Hoje, o mérito e talento de cada um são aquilatados pelo número de seguidores que tem nas redes, a sensatez e justeza das suas palavras são medidas pelo número de “likes” que cada post seu suscita. Cada novo assunto que entra na “agenda mediática” ou qualquer dislate que se “torna viral” é uma oportunidade irresistível para cada um, sem hesitação, emitir opinião fulminante, tonitruante e definitiva sobre uma matéria da qual pouco ou nada sabe, cuja existência lhe era desconhecida na véspera e que será varrida da sua memória dentro de uma semana. Embora a maioria dos utilizadores das redes (ditas) sociais se fique pelo comentário, a aspiração maior de quem frequenta estes loca infecta é ser o originador de algo que “viralizou”, mesmo que a “viralidade” decorra de se ter escrito ou dito algo sumamente imbecil ou ofensivo ou de se ter protagonizado um vídeo ridículo, grotesco ou repulsivo. Num tempo em que a memória nada vale, a ignorância campeia e a inconsciência das suas limitações é uma “qualidade” crucial para triunfar na vida, cada um está convertido no actor principal de um “biopic” sobre si mesmo com guião escrito pelo mais bajulador dos guionistas, que faz dele um igual de Demóstenes, Péricles ou Cícero quando escreve um “tweet” sobre a crise da habitação ou sobre um penálti não assinalado num jogo de ludopédio.

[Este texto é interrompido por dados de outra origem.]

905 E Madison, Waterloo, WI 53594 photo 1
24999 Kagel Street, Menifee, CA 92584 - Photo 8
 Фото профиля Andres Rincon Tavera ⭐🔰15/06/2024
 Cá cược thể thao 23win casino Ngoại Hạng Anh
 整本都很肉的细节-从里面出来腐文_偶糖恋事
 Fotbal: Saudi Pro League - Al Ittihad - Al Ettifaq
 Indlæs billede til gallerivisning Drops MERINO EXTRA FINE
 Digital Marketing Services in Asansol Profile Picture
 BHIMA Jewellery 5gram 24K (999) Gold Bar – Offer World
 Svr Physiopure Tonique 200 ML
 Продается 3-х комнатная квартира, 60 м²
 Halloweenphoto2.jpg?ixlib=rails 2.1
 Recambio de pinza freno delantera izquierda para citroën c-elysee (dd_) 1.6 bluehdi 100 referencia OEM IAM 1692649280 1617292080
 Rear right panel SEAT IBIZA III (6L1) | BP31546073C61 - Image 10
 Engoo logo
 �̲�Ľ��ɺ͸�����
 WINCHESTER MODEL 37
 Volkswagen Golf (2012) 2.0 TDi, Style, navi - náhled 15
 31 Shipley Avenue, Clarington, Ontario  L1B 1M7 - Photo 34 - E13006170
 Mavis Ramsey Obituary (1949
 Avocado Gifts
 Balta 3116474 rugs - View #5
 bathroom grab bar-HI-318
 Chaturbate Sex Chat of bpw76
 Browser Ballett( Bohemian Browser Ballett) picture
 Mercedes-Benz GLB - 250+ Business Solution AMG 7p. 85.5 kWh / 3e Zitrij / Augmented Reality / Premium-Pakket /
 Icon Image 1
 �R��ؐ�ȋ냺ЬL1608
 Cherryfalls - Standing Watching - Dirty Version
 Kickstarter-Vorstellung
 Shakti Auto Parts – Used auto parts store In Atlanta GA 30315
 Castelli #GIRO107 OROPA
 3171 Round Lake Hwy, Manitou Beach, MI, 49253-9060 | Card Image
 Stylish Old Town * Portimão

O primeiro dos 14 princípios de A arte de calar, do abade Dinouart – “Só vale a pena falar se o que se disser tiver maior valor do que o silêncio” – é letra morta nos dias de hoje, em que qualquer coisa, por mais inane, inoportuna e asinina que seja, é preferível ao silêncio. O segundo princípio de A arte de calar estabelece que “Há um tempo para nos calarmos e um tempo para falarmos”, mas hoje todos estão, permanente e exclusivamente, ocupados a “falar”, ou seja, a produzir sons com o aparelho fonador ou a produzir “conteúdos” para as redes (ditas) sociais ou a comentar conteúdos e comentários alheios nas redes (ver capítulo “A ágora e o circo” em Civilização ocidental: Luz negra para um mundo pós-humano).

Esta indisponibilidade para escutar não só está a corroer as relações interpessoais como mina a estrutura da sociedade democrática, como argumenta o filósofo Byung-chul Han em Infocracia: A digitalização e a crise da democracia (2021, Infokratie): “A comunicação actual é cada vez menos discursiva, na medida em que perde cada vez mais a dimensão do outro. […] O escutar é um acto político, na medida em que integra as pessoas numa comunidade e as capacita para o discurso, criando um nós. A democracia é uma comunidade de ouvintes. A comunicação digital, enquanto comunicação sem comunidade, destrói a política do escutar. […] O discurso é uma prática do escutar. A crise da democracia é, antes de mais , uma crise do escutar”. Han dedica à questão do silêncio um capítulo do livro Não-coisas: Transformações no mundo em que vivemos (2021, Undinge), em que associa esta “crise do escutar” ao fluxo caótico e avassalador de informação que tomou conta da sociedade moderna: “A informação rouba-nos o silêncio, impondo-se-nos e reclamando a nossa atenção. O silêncio é um fenómeno de atenção. Só uma atenção profunda produz silêncio. Mas a informação despedaça a atenção”.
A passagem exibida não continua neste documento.